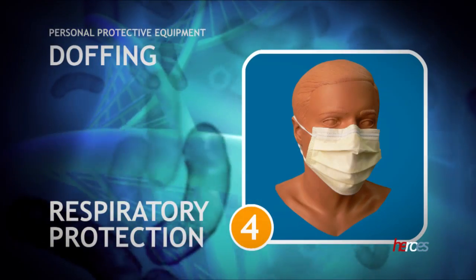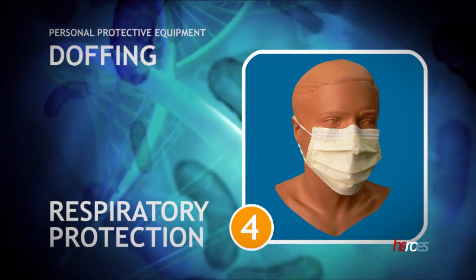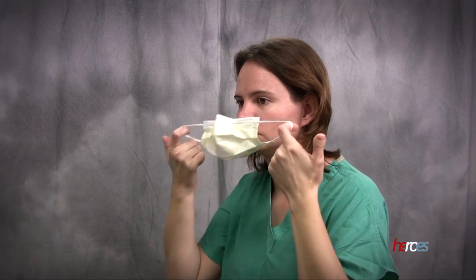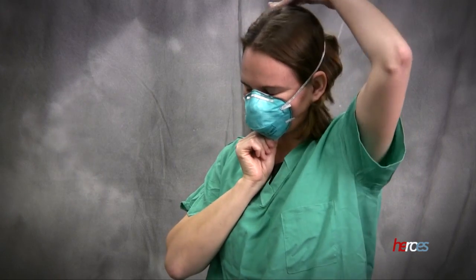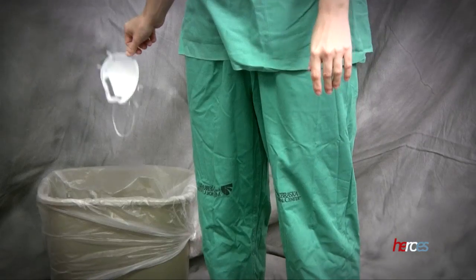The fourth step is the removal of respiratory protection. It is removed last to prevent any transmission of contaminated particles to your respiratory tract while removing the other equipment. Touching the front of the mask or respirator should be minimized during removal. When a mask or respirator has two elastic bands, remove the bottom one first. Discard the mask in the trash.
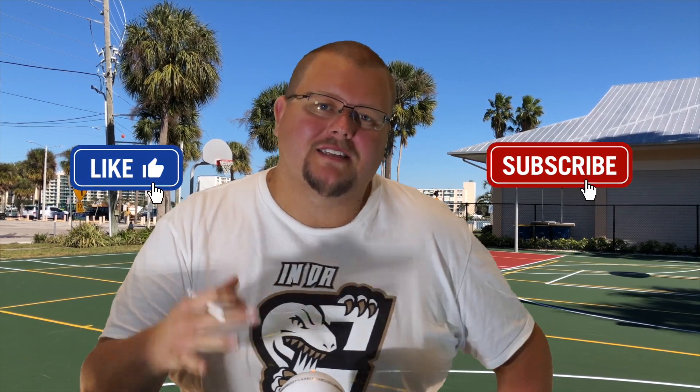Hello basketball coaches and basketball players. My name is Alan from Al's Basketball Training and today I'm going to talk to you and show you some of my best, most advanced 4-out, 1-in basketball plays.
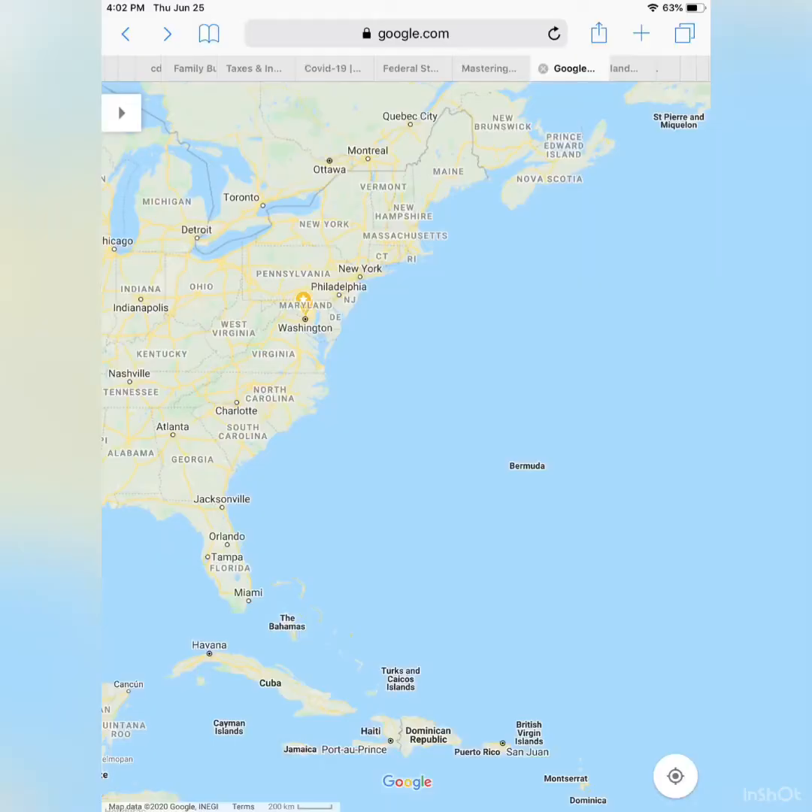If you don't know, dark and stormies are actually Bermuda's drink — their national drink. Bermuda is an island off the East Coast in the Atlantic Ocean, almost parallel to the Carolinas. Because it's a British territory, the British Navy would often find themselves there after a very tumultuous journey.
--
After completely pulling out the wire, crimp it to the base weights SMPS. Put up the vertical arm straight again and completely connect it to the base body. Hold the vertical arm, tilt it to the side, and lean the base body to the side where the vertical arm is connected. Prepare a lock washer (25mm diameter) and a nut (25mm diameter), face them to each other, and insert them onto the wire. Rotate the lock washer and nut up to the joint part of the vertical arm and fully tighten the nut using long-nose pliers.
--
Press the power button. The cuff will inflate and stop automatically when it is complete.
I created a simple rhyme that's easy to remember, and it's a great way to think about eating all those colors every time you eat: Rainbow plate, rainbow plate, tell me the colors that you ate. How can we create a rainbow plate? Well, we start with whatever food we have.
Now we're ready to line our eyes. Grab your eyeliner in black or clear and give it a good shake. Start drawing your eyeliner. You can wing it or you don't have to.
--
_TASK DETAILS_
Reproduce, word for word, only the lines in the records above from the line with "The fourth step" through the line with "If you don't", including both ends; omit the pictures.

_TASK SOLUTION_
The fourth step is the removal of respiratory protection. It is removed last to prevent any transmission of contaminated particles to your respiratory tract while removing the other equipment. Touching the front of the mask or respirator should be minimized during removal. When a mask or respirator has two elastic bands, remove the bottom one first. Discard the mask in the trash.
Hello basketball coaches and basketball players. My name is Alan from Al's Basketball Training and today I'm going to talk to you and show you some of my best, most advanced 4-out, 1-in basketball plays.
If you don't know, dark and stormies are actually Bermuda's drink — their national drink. Bermuda is an island off the East Coast in the Atlantic Ocean, almost parallel to the Carolinas. Because it's a British territory, the British Navy would often find themselves there after a very tumultuous journey.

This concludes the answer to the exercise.